When you were single, you had your close group of friends, and then you had the kind of friends who were more like single allies who were off the dating roster and on the brunch list. You liked them, they liked you, but your relationship didn’t go much farther past dissing your ex-boyfriends and drinking mimosas.
As you progress in your domestic bliss, you notice that you are no longer getting funny text messages from your drinking buddies or as many invites to parties. Let’s face it, you aren’t as much fun to be around anymore. Or maybe it’s because you aren’t as desperate as you were when you were single. Either way, your social circle has been reduced to the people who show up to the important things and for whom distance or domesticity doesn’t affect the bond you have.
You have become “that couple.”
Remember when you were single and you and your friends would make fun of all the annoying things that couples do? You all swore that you would never do whatever they were doing when you found a relationship and vowed to always stay true to your single-boy manifesto, no matter how smitten you may be.
Slowly but surely, you have broken every single rule, committed every last faux pas, and for a second you feel like you have let down the ghost of your single past. It is usually when you realize that every Facebook profile picture is of the two of you and you realize, “OMG, we are that couple.”
Then you upload that selfie of the two of you kissing anyway. Who cares.
You are hairier, smellier, and generally not as well-groomed.

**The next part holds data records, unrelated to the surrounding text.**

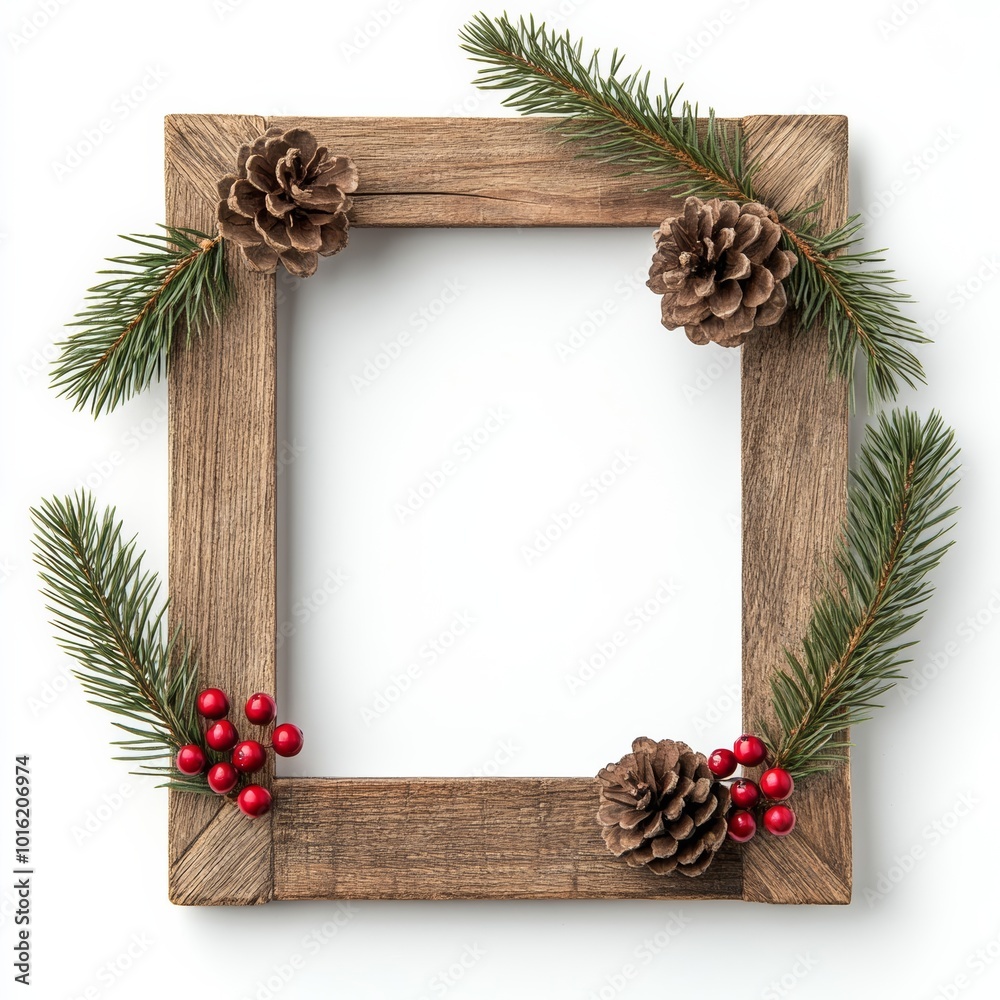 Canvas Prints Rustic wooden Christmas picture frame adorned with pinecones and red berries isolated on white background 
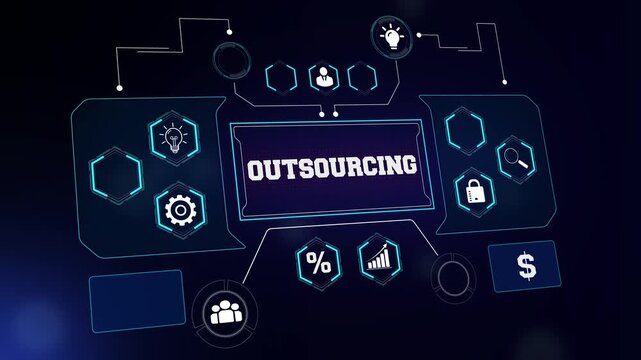 Professional outsourcing dashboard background with glowing icons suitable for remote work reports, international service promos, and tech focused backgrounds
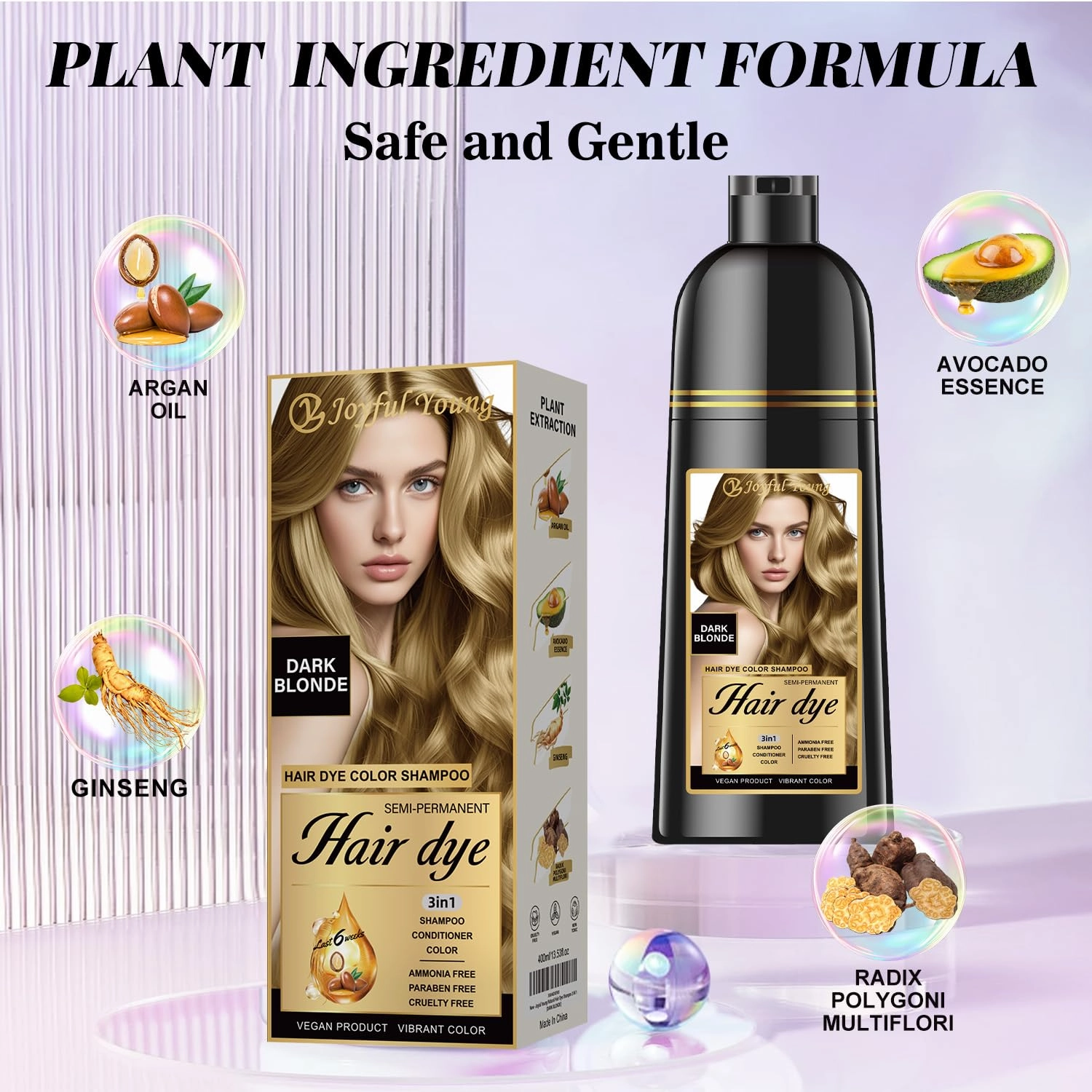 Natural Hair Dye Shampoo 3 IN 1, Gray Hair Coverage, Vegan, Ammonia-Free & Paraben-Free Hair Coloring Shampoo for Women Men, Beard Dye for Men, Nourishing Gentle Easy to Use (DARK BLONDE)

Whether you are an immaculately trimmed or a rough-around-the-edges kind of guy, you can expect your general hygiene to occasionally take a turn for the worse. When you were single, you were constantly interested in how people perceived you, including how you smelled, how you looked, and how sexually appetizing the haircut of your nether regions was.
But if you are in a good relationship, your preoccupation with your perception will slowly lose its grip. Next thing you know, you are headed to breakfast without a shower, with no deodorant, and in last night’s clothing. Of course you clean yourself up at all the important times, but who cares if you smell a little funky when you know the one man who matters the most doesn’t care at all.
Your favorite breakup anthems lose their luster.
The angry pop power ballad was on repeat in your car, in the gym, and when you were getting ready to hit the town. These songs were always there to help get over the breakups, the bad dates, and the seemingly hopeless moments of your single life. But lately they just don’t pack the punch they once did, and you left to find a new musical muse.
All of the music about unrequited love or the one that got away, the boy who did you wrong and how he will live to regret it, now only serves as a reminder of how you used to feel. But there you are, sweating on the treadmill trying to get into one of your go-to-fuck-you jams and it just isn’t working. You inner angry girl is gone.
Maybe you should try an audiobook or something.
You are officially “boring.”
Sure, you and your boyfriend can still hang with the best of them every once in a while. But the next morning, after waking with the kind of hangover that movies are made of, you suddenly remember why it had been so long since the last time you hit up the bars. You now enjoy going to sleep early and you can appreciate the early morning hours of Saturday and Sunday sans headache. The nightlife has lost its appeal now that you are no longer on the hunt for your next conquest.
There may be times that you miss chasing the high of flirting with a new face or a night of hot, casual sex, but you sure as shit don’t miss the comedowns that followed.
So maybe you are now “boring,” if boring means happy and drama-free.